Evolution wins in Texas

Sorry for not posting an update last Friday, but I was in the Board meeting and then on a plane. I gather most of you found the news update at NCSE's website, where traffic hit record levels.

As you recall, the Texas State Board of Education met on Thursday as the Committee of the Full Board to hear public testimony and to debate among themselves as much as was feasible. Friday was the official board meeting, when the final votes on new science supplements were taken. In the end, all of the good supplements were approved (some with minor tweaks still to be made) and the creationist supplement was rejected. How we got there, and what the tweaks were, is a tale in itself.

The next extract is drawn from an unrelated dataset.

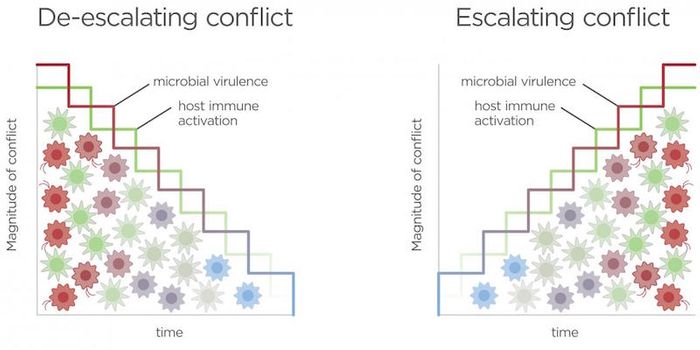 Making War or Peace in the Gut - the Microbiome and Health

Late on Thursday, the board had taken its first vote to approve most of the 9 supplements recommended to them by review teams appointed by the board a few months ago, but had hit a snag with the submission from Holt McDougal. Those reviewers were mostly scientists and teachers, but creationist board members had put a few creationists onto the panels. Reviewers worked in groups of 3, each group reviewing 3-4 supplements. For the most part, the panels were supposed to make recommendations by consensus. The team reviewing Holt's submission had a negative report from one reviewer (that file was obtained by Texas Freedom Network through a public records request). That reviewer's history of young earth creationism is well-established. On Thursday, the staff of the Texas Education Agency weren't sure if that report had been approved by the entire panel (as they were supposed to be), or just by creationist David Shormann. They had treated the report as an official list of errors, including sending it to the publisher for them to make changes. The publisher rightly refused, sending a compelling list of responses (that PDF is a file handed out at the meeting; TFN scanned it, and I had tweeted pictures of it during the hearing).

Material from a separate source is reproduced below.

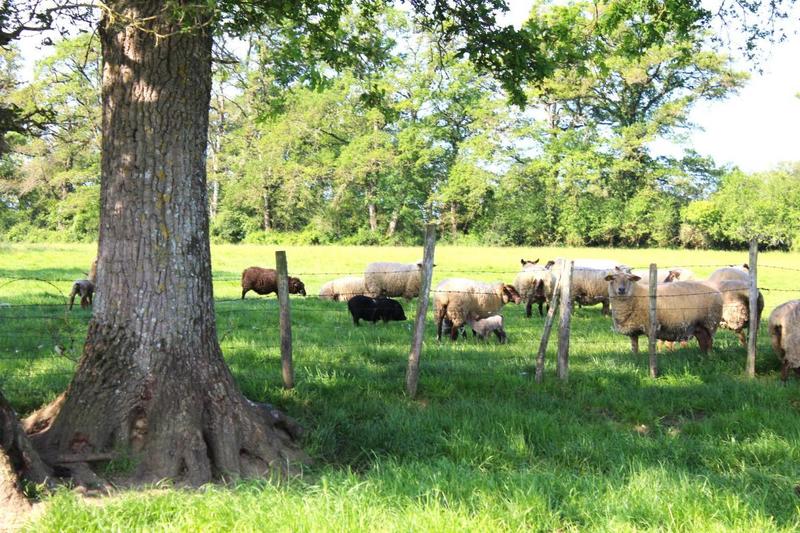 Maison - 534 m² - 13 pièces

On the basis of that complaint and the publisher's refusal to fix the purported errors, the board was not prepared to add Holt's submission to the list of textbook supplements they would approve on Friday. That list had been tweaked by the end of Thursday to require some illustrations based on 18th century drawings published by Ernst Haeckel to be redrawn, and to fix some typos in another submission, but the fireworks I'd expected had been largely absent. The Holt book was the likeliest point of contention on Friday.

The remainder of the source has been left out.